I think this is one of those cases where MNE uses the package for some functions but they don't include it in their own dependencies (to reduce technical debt). If you don't have it installed when you call their MNE function that uses it they return an error to tell you to install.

We can file a ticket with them but i doubt they will budge. I don't think sci-kit is a dependency of mne.

christian-oreilly commented 1 year ago

Sure. I still don't think we should trickle all sub-dependencies directly in pylossless, just the packages we use directly. The packages that gets call by other packages should be managed by these packages. E.g., fastica is not a hard dependency of the pipeline; it depends on what is specified in the config file. Alternatively, if you like the idea to have a very inclusive install strategy, maybe using a pip install pylossless[all] and pip install pylossless[minimal]?

scott-huberty commented 1 year ago

fastica is not a hard dependency of the pipeline;

That's a very good point. But then again we specify fastica in the default config.

EDIT: for the first ICA (used to flag epochs).

christian-oreilly commented 1 year ago

Yes, indeed. As I said, it is not a big issue. Maybe we can keep this dependency for this specific case because of what we set as default (or change the default config). I just wanted to make the point that I am not sure that, in general, we should take upon ourselves to manage dependencies from external packages, first because it is not our responsibility, second because these external packages may change their dependencies with time which means that we then need to keep up with future changes in dependencies of external packages.

That being said, I am not so clear about the up-to-date best practices in package install in python. Up to recently, I was not distinguishing the requirements.txt vs what packages get installed... and arguments I read for distinguishing these did not convinced me yet. Anyway, you are right that MNE does not install these by default, but only these: https://github.com/mne-tools/mne-python/blob/main/requirements_base.txt

scott-huberty commented 1 year ago

Maybe we can keep this dependency for this specific case because of what we set as default (or change the default config)

yeah, I agree, keep it for now. I think the important thing to keep in mind is that @Andesha tried to run the pipeline with the provided instructions and config and couldn't.

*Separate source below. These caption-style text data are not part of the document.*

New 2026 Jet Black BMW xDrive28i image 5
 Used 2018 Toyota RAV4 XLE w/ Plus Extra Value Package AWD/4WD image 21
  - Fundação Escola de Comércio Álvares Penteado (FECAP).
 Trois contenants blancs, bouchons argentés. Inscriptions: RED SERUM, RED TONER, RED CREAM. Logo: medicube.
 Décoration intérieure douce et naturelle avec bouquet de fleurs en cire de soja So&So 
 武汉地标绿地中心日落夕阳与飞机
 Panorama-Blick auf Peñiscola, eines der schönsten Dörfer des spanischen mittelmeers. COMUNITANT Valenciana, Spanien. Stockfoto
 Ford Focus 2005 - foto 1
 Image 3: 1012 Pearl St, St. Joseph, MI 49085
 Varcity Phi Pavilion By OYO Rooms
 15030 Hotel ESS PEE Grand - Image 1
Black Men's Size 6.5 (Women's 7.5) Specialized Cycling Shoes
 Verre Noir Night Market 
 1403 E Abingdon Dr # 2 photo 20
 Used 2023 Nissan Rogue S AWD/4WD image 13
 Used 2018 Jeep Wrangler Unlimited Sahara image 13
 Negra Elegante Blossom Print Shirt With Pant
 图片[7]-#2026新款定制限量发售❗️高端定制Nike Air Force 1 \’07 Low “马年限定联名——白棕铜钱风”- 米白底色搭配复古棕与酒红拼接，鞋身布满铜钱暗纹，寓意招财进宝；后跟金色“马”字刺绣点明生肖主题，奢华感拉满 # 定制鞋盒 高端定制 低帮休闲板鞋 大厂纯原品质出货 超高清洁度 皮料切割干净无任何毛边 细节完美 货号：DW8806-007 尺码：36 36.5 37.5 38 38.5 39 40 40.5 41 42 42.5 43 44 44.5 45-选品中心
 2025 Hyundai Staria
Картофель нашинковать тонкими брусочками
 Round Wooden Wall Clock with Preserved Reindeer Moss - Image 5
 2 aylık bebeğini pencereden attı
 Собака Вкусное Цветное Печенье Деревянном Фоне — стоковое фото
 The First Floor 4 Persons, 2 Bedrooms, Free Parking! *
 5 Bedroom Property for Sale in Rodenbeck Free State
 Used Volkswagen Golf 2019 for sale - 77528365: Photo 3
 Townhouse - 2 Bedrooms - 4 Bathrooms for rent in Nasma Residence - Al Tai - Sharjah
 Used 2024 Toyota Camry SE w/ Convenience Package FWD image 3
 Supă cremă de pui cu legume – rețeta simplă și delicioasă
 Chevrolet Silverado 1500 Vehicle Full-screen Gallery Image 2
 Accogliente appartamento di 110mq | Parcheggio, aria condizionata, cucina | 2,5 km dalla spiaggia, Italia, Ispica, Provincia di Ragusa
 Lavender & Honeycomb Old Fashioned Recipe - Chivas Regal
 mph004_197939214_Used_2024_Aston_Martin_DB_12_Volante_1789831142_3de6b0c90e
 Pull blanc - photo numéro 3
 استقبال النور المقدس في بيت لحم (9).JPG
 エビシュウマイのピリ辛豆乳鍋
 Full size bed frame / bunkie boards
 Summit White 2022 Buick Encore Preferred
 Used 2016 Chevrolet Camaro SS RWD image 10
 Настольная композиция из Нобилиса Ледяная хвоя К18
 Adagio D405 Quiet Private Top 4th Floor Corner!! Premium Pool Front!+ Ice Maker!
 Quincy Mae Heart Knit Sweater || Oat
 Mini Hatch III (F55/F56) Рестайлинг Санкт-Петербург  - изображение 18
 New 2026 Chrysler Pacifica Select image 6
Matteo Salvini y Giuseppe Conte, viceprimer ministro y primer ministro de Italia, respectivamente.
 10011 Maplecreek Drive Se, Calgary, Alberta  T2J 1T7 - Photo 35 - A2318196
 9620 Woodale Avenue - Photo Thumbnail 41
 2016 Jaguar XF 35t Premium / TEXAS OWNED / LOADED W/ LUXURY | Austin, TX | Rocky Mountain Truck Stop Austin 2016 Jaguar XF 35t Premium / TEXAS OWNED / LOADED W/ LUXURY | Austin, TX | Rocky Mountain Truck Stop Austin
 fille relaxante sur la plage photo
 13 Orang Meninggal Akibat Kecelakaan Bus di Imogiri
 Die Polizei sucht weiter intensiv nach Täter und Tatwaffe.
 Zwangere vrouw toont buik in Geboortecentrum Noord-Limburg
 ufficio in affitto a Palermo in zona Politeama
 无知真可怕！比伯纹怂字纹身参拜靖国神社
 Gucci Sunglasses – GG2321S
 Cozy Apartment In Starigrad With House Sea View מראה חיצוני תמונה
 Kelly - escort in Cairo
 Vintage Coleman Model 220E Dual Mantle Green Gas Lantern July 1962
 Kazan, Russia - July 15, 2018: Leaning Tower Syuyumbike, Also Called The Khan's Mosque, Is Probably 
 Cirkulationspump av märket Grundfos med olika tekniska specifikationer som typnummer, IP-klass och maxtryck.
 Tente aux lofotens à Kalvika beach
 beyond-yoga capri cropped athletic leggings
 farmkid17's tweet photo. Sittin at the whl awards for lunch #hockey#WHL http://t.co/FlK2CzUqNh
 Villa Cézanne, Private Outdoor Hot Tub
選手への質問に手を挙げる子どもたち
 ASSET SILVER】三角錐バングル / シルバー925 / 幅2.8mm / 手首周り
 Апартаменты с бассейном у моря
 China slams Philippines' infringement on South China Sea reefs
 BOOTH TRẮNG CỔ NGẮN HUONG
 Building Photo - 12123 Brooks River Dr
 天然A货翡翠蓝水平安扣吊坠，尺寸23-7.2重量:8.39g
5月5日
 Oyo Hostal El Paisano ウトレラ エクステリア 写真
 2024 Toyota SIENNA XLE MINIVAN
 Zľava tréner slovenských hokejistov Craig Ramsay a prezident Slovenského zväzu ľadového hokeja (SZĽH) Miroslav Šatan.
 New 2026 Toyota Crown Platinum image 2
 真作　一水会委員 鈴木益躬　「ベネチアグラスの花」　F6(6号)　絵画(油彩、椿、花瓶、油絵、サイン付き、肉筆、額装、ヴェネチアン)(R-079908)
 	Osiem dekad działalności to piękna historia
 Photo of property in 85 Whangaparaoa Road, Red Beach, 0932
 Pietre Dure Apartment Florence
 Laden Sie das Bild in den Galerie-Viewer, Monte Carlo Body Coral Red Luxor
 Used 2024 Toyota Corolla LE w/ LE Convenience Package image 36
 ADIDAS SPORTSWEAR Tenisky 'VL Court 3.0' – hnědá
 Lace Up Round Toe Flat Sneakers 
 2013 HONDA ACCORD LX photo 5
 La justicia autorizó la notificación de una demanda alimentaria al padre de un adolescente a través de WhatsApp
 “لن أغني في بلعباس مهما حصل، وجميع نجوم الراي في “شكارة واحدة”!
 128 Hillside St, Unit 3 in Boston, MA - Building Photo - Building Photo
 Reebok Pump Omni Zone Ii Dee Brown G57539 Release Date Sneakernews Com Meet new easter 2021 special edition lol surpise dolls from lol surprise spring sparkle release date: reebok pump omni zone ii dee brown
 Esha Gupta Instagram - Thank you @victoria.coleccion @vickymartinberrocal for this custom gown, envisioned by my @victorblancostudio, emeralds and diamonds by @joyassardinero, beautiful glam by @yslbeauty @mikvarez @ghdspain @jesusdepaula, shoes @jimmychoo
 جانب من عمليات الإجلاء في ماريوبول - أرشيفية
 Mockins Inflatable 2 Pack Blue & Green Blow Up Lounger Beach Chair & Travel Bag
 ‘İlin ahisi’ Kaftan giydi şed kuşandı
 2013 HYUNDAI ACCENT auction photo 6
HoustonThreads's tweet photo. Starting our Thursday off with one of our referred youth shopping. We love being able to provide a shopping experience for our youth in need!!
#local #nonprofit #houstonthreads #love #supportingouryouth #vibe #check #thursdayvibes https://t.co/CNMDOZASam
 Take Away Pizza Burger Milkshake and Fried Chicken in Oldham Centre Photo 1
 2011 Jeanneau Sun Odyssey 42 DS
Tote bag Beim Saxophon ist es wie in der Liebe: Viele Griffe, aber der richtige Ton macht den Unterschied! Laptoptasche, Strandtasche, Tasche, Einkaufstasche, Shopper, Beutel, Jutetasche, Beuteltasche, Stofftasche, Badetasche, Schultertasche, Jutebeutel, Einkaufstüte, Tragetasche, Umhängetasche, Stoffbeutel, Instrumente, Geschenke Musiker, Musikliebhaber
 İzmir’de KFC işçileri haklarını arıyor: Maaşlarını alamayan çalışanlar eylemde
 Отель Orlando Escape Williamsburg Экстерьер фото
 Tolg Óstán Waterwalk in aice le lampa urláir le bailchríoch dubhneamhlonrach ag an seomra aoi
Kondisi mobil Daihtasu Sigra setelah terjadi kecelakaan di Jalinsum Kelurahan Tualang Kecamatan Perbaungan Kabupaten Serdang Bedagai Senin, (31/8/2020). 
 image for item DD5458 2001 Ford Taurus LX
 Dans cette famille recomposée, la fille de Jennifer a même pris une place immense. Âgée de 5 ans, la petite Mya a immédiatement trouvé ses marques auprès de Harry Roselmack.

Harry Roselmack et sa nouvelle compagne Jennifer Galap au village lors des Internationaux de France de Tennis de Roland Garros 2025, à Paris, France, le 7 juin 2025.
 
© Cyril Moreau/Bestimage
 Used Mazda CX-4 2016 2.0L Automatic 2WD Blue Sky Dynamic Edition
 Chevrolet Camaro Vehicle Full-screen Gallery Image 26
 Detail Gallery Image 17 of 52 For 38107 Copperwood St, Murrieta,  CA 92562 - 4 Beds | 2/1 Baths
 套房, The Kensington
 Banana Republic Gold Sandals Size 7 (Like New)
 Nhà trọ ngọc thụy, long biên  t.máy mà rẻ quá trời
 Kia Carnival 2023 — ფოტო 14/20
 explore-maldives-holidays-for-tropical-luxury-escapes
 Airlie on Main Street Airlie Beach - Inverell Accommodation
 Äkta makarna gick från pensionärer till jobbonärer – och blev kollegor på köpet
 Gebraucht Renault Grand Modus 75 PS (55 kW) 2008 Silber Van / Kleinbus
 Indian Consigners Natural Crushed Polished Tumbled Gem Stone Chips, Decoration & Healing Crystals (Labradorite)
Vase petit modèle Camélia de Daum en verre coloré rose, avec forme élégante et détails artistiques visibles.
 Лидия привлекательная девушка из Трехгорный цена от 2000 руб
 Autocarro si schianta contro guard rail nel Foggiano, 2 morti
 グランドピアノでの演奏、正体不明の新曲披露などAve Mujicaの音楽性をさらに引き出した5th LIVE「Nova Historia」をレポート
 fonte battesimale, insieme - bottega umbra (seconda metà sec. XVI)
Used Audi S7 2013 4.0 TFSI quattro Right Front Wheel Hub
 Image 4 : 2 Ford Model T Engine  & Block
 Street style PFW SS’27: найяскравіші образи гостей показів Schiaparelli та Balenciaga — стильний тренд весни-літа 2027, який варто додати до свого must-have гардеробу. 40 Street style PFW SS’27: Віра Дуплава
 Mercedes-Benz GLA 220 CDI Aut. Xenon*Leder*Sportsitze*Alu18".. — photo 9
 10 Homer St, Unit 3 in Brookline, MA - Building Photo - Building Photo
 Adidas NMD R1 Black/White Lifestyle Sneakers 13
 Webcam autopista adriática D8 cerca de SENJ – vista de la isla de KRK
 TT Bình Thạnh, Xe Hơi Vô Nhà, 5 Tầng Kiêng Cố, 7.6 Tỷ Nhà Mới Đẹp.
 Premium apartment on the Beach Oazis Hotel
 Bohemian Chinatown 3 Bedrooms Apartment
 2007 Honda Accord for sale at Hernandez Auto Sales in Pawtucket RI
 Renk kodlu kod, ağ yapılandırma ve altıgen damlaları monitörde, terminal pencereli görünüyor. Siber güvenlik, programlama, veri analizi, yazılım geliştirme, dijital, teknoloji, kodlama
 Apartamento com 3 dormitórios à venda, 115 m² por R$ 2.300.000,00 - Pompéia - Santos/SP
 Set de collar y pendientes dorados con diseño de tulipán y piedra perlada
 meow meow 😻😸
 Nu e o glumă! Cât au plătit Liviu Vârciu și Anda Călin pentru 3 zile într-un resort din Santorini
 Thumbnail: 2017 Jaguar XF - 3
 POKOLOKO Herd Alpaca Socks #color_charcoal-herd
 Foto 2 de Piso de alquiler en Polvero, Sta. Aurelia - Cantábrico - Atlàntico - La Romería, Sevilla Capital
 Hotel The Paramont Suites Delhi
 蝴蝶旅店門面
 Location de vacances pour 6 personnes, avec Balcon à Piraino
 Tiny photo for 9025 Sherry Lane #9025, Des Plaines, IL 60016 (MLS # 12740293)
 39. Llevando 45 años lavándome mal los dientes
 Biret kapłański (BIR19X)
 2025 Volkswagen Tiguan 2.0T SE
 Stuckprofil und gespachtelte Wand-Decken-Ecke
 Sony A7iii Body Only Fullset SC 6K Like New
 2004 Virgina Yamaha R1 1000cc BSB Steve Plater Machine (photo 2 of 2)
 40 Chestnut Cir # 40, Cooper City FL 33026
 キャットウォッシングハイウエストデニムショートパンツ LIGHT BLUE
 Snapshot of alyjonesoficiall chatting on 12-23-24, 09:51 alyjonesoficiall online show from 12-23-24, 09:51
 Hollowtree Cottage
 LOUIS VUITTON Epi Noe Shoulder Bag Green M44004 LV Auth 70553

. I just wanted to make the point that I am not sure that, in general, we should take upon ourselves to manage dependencies from external packages,

I agree!

That being said, I am not so clear about the up-to-date best practices in package install in python. Up to recently, I was not distinguishing the requirements.txt vs what packages get installed... and arguments I read for distinguishing these did not convinced me yet. Anyway, you are right that MNE does not install these by default, but only these: https://github.com/mne-tools/mne-python/blob/main/requirements_base.txt

me neither... I think @Andesha gave us his understanding (something like requirements.txt for developers, setup.py for managing hard dependencies).